También, al principio, el cura se negó rotundamente a dar los santos sacramentos al cadáver de un desconocido, de forma que tuve que entregarle una moneda de oro antes de que accediera a cumplir con la obligación de su oficio. Al sepulturero le pagué igualmente e hice sonar las campanas de la iglesia antes del entierro. Mi locura llamó tanto la atención que, al fin, se reunió un buen número de gente alrededor de la tumba cuando el cadáver fue depositado en ella a la hora del crepúsculo. La gente parecía entender que era verdad que estaba enterrando a mi hermano, víctima de los bandoleros; me susurraron sus condolencias y muchas mujeres lloraron. A fin de completar mi extraña diversión, invité al cura y a los campesinos a la posada del pueblo y, en memoria de mi difunto hermano, les pagué un tonel de vino. Mientras se embriagaban, yo permanecía en el umbral de la puerta mirando la luz violeta y las negras siluetas de los cipreses, y de verdad tuve la sensación de que había enterrado a mi único hermano.
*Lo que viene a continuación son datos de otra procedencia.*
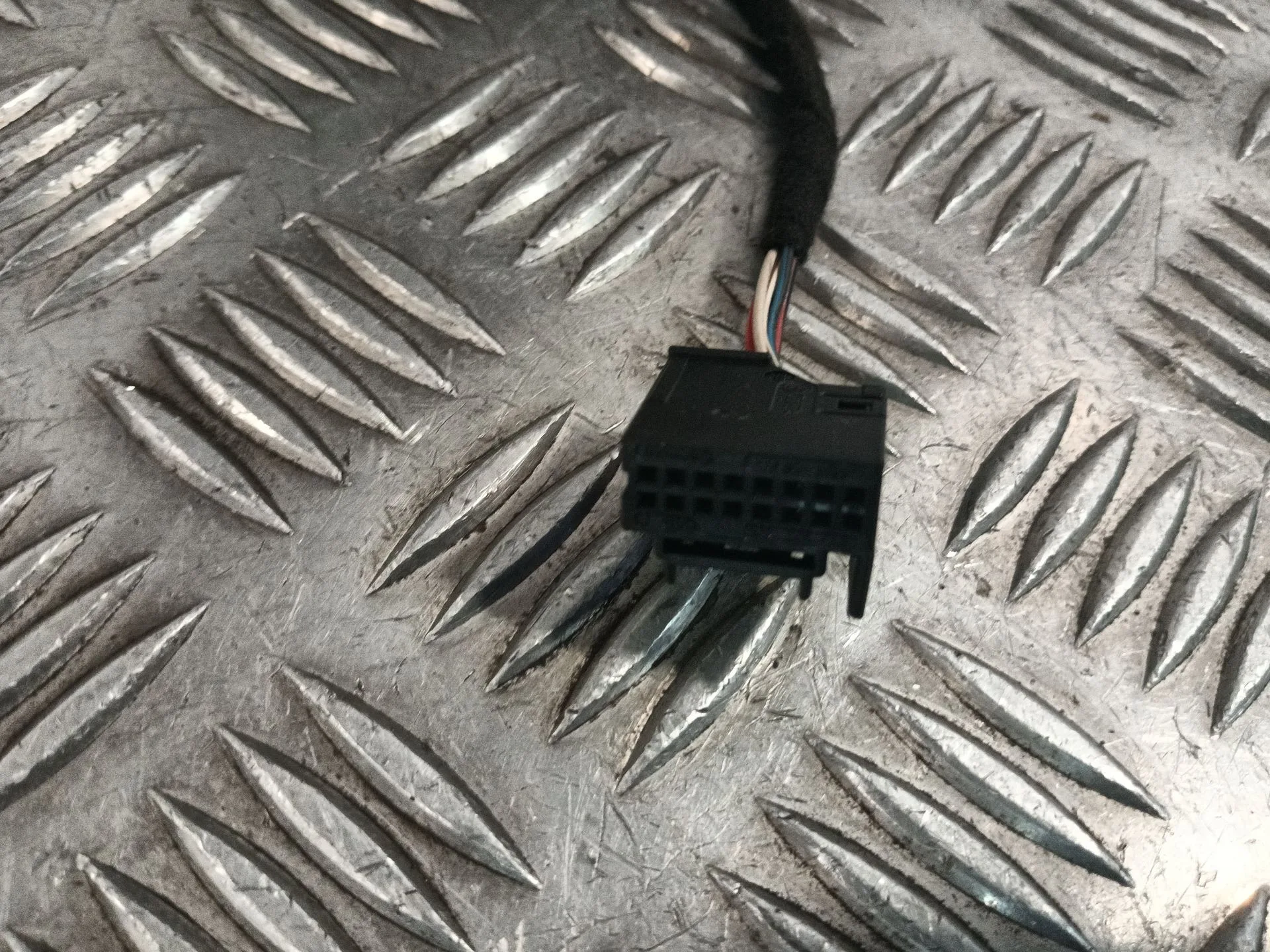 Retrovisor Derecho para Seat Alhambra (710, 711)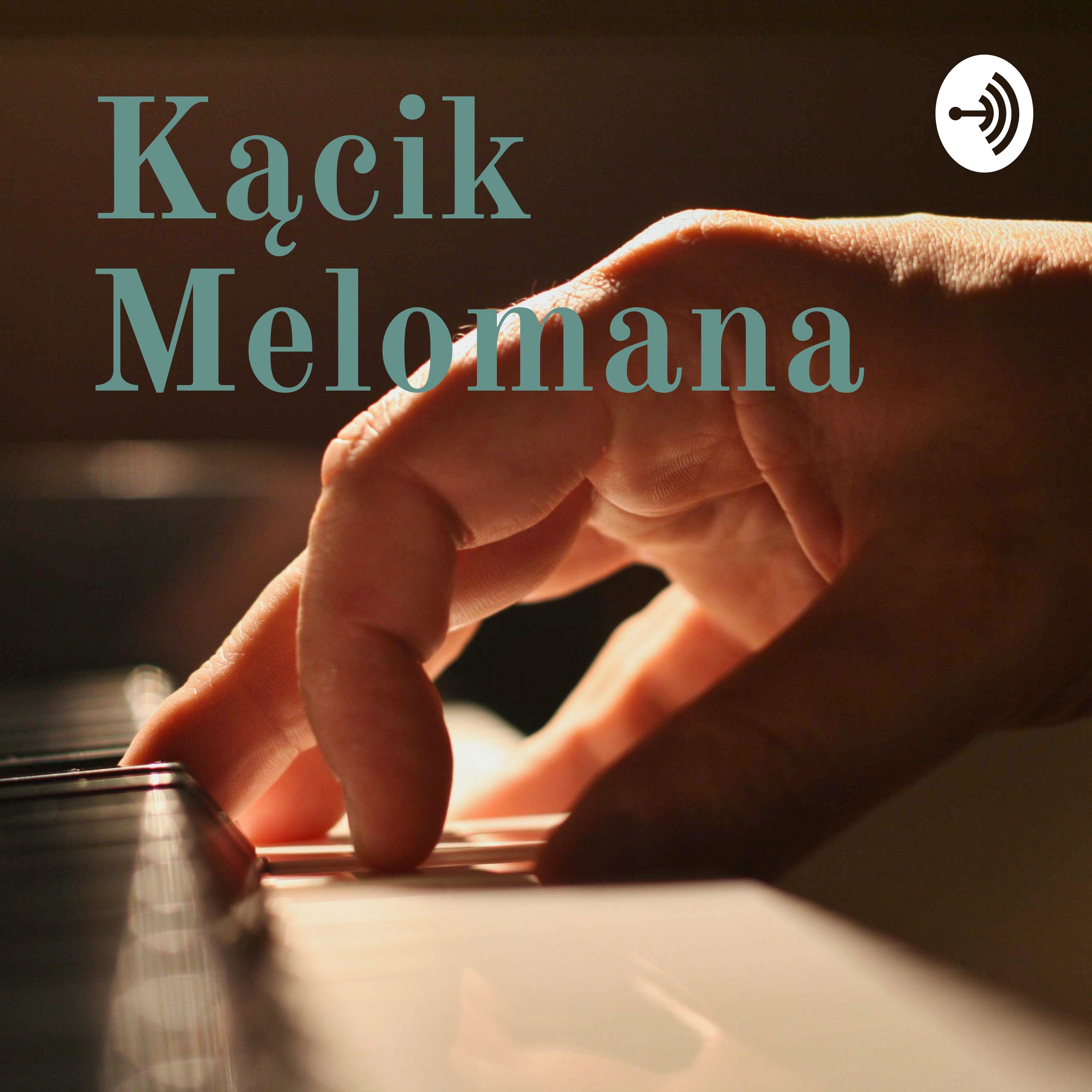 Kącik Melomana #1  episode artwork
Pero el cura, a pesar de haber bebido vino, seguía siendo suspicaz, se quedó mirándome, y empezó a comentar que hay una ley de la naturaleza que siempre obliga al asesino a volver al lugar del crimen, e insistió en que nadie que estuviera en su sano juicio gastaba tanto dinero en un asunto que no le concernía. Sólo la expiación de un pecado podía justificar semejante comportamiento, dijo, y exigió que le diera mi nombre y mi dirección en la ciudad por si las autoridades querían intervenir en tan extraño asunto.
No presté mucha atención a lo que decía, bebí algo de vino yo también y, como recuerdo del difunto, conservé la hebilla de su cinturón, verde de moho. Cuando salió la roja luna sobre la llanura, les dejé sin despedirme y pasé la noche en un pajar, cerca de la ciudad. Cuando se abrieron las puertas, me fui directamente a misa, y luego a la cancillería del doctor Segundino a traducir discursos griegos al latín. No pensé más en el asunto. Sin embargo, limpié la hebilla del muerto y vi que estaba adornada con bonitas figuras, como si fuera obra de los árabes, pero desde luego no era un objeto de valor. A pesar de todo decidí guardarla como recuerdo, deseando que me aportara suerte, aunque en mi corazón no creía en los amuletos ni en los talismanes.
Por culpa de aquella hebilla me ocurrió algo tan increíble y extraño que, si hubiera tenido un mínimo de superstición, por fuerza habría tenido que creer en los fantasmas y en la brujería.